Nel 2025 gli investimenti complessivi del Gruppo FS hanno superato i 18 miliardi di euro, di cui circa 12,5 miliardi destinati all’infrastruttura ferroviaria e almeno 4 miliardi alle strade tramite ANAS.
Nuovi modelli di finanziamento per le infrastrutture
Donnarumma ha infine affrontato il nodo del finanziamento delle grandi opere, definendolo uno dei temi decisivi per il futuro del sistema infrastrutturale italiano.

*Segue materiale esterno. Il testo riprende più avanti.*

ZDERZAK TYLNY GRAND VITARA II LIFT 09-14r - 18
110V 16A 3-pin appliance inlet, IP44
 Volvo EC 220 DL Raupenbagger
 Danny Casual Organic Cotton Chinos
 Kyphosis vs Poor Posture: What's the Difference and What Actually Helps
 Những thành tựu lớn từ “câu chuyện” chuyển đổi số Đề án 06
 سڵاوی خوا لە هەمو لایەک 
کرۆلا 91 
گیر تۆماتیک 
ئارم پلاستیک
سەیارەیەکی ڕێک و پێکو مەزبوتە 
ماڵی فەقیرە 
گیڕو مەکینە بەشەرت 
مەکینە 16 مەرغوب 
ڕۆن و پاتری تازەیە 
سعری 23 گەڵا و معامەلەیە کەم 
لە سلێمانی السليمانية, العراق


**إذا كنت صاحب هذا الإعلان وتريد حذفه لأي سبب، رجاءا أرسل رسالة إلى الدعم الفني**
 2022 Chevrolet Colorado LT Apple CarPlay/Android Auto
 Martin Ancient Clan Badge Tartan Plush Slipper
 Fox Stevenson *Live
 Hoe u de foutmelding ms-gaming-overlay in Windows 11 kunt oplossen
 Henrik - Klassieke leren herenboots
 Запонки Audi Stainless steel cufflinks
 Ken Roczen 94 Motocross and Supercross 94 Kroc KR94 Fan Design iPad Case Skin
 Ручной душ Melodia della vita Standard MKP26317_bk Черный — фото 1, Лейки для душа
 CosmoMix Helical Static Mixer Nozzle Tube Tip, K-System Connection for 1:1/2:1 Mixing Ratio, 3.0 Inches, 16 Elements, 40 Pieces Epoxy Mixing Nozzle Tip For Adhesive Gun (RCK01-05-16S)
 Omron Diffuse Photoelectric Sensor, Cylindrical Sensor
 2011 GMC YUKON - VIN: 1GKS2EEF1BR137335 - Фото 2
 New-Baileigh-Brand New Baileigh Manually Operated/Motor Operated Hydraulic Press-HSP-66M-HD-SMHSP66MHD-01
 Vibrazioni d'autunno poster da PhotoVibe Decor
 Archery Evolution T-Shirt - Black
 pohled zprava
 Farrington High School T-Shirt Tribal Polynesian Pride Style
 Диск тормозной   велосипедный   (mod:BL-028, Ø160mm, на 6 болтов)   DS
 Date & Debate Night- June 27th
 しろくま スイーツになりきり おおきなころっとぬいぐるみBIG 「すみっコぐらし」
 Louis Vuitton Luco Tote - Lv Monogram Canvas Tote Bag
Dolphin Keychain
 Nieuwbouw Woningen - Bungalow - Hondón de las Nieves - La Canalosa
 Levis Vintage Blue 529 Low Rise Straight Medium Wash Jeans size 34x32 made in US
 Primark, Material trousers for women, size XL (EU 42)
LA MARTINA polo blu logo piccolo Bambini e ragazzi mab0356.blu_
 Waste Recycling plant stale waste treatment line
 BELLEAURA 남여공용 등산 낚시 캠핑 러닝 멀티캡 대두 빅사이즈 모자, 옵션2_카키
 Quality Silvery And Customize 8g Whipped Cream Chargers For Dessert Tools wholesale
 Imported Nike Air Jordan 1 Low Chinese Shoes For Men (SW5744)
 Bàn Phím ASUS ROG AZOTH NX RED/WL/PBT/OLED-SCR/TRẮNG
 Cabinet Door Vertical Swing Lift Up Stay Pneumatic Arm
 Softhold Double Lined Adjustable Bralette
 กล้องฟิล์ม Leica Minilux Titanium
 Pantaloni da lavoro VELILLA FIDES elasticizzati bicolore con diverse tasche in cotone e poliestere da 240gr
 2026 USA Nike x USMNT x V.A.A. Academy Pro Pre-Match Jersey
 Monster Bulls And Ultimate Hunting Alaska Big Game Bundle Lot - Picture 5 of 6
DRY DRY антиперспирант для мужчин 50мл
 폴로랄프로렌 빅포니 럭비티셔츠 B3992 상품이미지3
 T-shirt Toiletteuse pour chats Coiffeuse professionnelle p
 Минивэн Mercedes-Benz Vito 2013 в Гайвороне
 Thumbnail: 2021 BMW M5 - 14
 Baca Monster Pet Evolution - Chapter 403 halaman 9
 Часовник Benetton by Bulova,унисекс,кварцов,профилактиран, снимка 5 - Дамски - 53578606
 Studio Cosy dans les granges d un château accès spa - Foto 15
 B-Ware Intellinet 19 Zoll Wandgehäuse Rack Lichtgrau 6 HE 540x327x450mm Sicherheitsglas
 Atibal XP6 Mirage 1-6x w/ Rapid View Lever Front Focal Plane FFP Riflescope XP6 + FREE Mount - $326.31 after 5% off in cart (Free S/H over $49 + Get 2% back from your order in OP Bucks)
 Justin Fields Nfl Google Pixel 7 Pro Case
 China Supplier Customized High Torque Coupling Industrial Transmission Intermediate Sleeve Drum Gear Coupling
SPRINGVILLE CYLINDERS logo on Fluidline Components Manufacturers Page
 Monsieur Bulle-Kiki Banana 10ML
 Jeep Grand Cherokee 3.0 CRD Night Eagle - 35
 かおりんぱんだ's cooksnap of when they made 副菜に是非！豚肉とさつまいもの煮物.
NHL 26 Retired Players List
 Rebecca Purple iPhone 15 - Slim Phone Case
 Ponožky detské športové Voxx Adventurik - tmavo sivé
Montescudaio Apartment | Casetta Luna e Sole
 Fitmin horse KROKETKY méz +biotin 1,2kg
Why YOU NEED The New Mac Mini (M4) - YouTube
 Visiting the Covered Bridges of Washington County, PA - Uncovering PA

L’AD ha spiegato che sono allo studio, insieme alle istituzioni competenti, modelli alternativi capaci di sostenere investimenti sempre più elevati. Tra le ipotesi valutate figura una struttura simile alle grandi reti infrastrutturali regolamentate, fino alla possibilità di creare una sorta di asset company in grado di valorizzare parte degli asset ferroviari e attrarre capitali privati.
Secondo Donnarumma, un modello di questo tipo potrebbe offrire rendimenti contenuti ma sicuri e di lungo periodo, sostenendo investimenti con orizzonti di venti o trent’anni.
Il messaggio lanciato da Roma è chiaro: il PNRR rappresenta soltanto l’inizio di una trasformazione infrastrutturale che richiederà continuità, nuove risorse e una strategia industriale condivisa per accompagnare il Paese nei prossimi decenni.